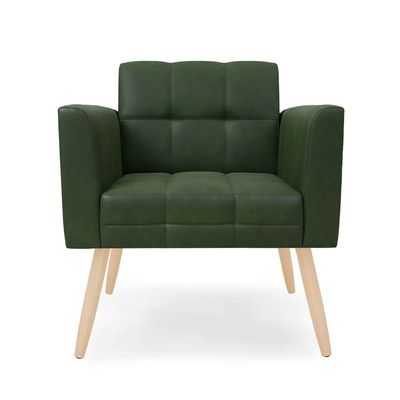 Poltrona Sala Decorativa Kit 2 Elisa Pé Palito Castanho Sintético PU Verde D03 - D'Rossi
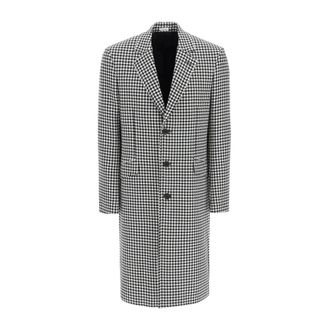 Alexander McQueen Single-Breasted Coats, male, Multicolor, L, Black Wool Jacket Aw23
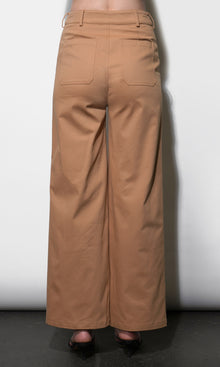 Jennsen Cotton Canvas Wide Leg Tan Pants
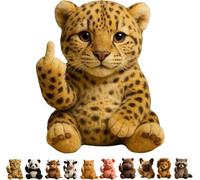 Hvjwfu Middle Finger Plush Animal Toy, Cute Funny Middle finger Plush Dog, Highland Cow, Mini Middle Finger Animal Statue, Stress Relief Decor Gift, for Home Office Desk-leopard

* **Problem details**
Repeat the data exactly, dropping every picture it holds.

* **Result of the exercise**
 Poltrona Sala Decorativa Kit 2 Elisa Pé Palito Castanho Sintético PU Verde D03 - D'Rossi
 Alexander McQueen Single-Breasted Coats, male, Multicolor, L, Black Wool Jacket Aw23
 Jennsen Cotton Canvas Wide Leg Tan Pants
 Hvjwfu Middle Finger Plush Animal Toy, Cute Funny Middle finger Plush Dog, Highland Cow, Mini Middle Finger Animal Statue, Stress Relief Decor Gift, for Home Office Desk-leopard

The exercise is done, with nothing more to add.